AMD-AGI · zhitwang17 · Jun 3, 2026 · Jun 3, 2026
diff --git a/alto/nn/decomposed_linear.py b/alto/nn/decomposed_linear.py
@@ -7,9 +7,27 @@
 import torch.nn.functional as F
 
 
+# ``lora_rank`` is the contraction dim (K) of the ``lora_update @ u`` GEMM. When
+# u/v are quantized (NVFP4/MXFP4), low-precision kernels quantize K in blocks of
+# this size, so lora_rank must be a positive multiple of it. NVFP4 uses 16
+# (BLOCK_SIZE_DEFAULT); MXFP4 uses 32 and is a multiple of 16, so requiring a
+# multiple of 16 covers both. Without this check, e.g. lora_rank=8 fails deep in
+# the kernel with an opaque torch._check error instead of here at construction.
+LORA_RANK_BLOCK_MULTIPLE = 16
+
+
+def _validate_lora_rank(lora_rank: int) -> None:
+    if lora_rank <= 0 or lora_rank % LORA_RANK_BLOCK_MULTIPLE != 0:
+        raise ValueError(
+            f"lora_rank must be a positive multiple of {LORA_RANK_BLOCK_MULTIPLE} "
+            f"(required by NVFP4/MXFP4 block-quantized kernels), got {lora_rank}."
+        )
+
+
 class DecomposedLinear(nn.Module):
     def __init__(self, in_features, out_features, bias=True, lora_rank=32):
         super(DecomposedLinear, self).__init__()
+        _validate_lora_rank(lora_rank)
         self.in_features = in_features
         self.out_features = out_features
 
@@ -28,14 +46,30 @@ def forward(self, input):
 
     @classmethod
     def from_linear(cls, linear: nn.Linear, lora_rank: int = 32):
-        new_layer = cls(linear.in_features, linear.out_features, linear.bias is not None, lora_rank)
-        new_layer.weight = linear.weight
-        new_layer.bias = linear.bias
+        _validate_lora_rank(lora_rank)
+        # Build u/v/sigma directly on the source weight's device/dtype (which may
+        # be "meta" during TorchTitan's meta-device model construction).
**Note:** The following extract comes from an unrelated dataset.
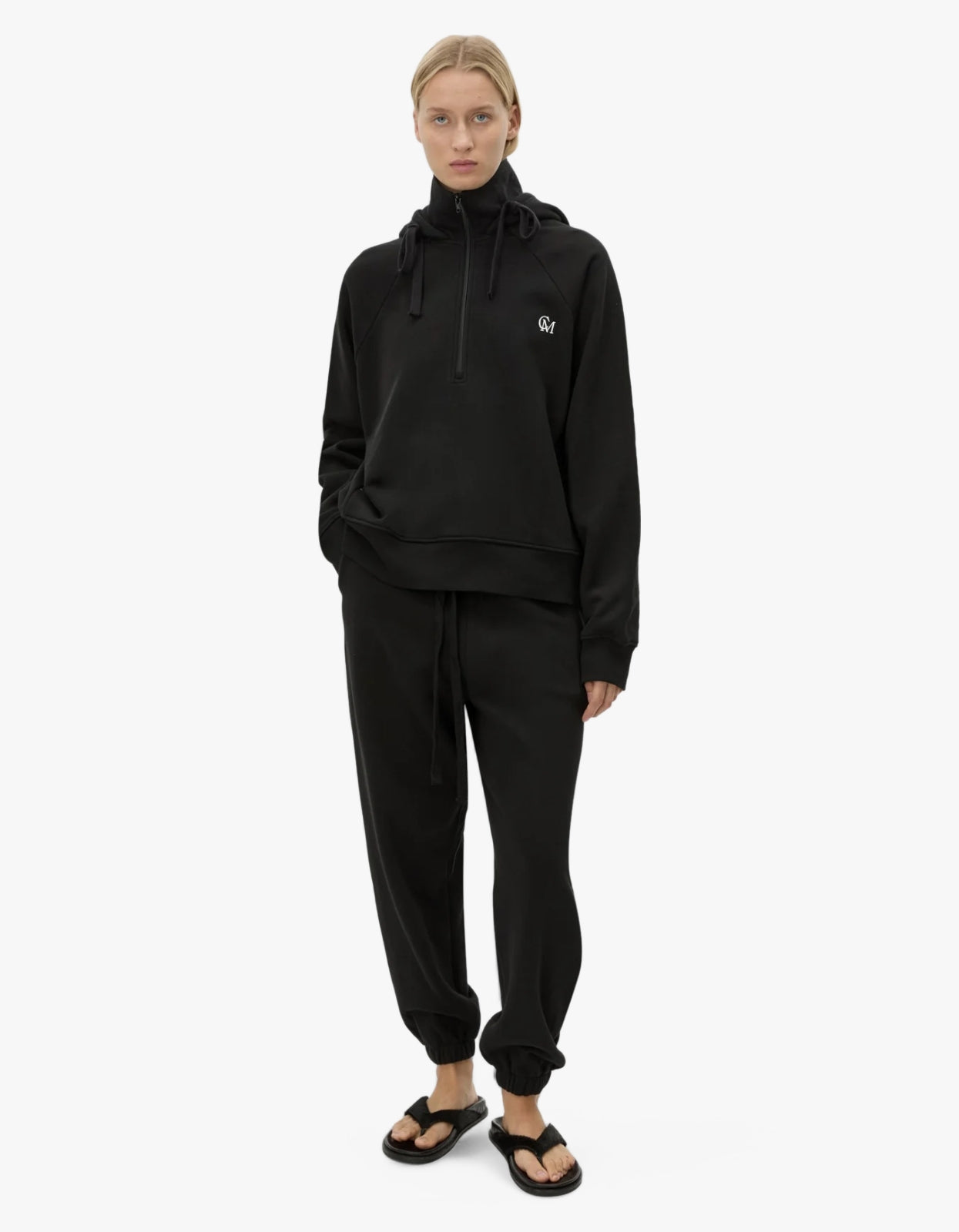 Lyra Emb Hoodie - Black/White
We must
+        # NOT allocate on CPU and then `.to(device=...)`: moving a real CPU tensor
+        # onto a meta device triggers an incompatible set_data and crashes during
+        # `on_convert`, before `to_empty`/`init_weights` have materialized params.
         device = linear.weight.device
         dtype = linear.weight.dtype
-        new_layer.u.data = new_layer.u.data.to(device=device, dtype=dtype)
-        new_layer.v.data = new_layer.v.data.to(device=device, dtype=dtype)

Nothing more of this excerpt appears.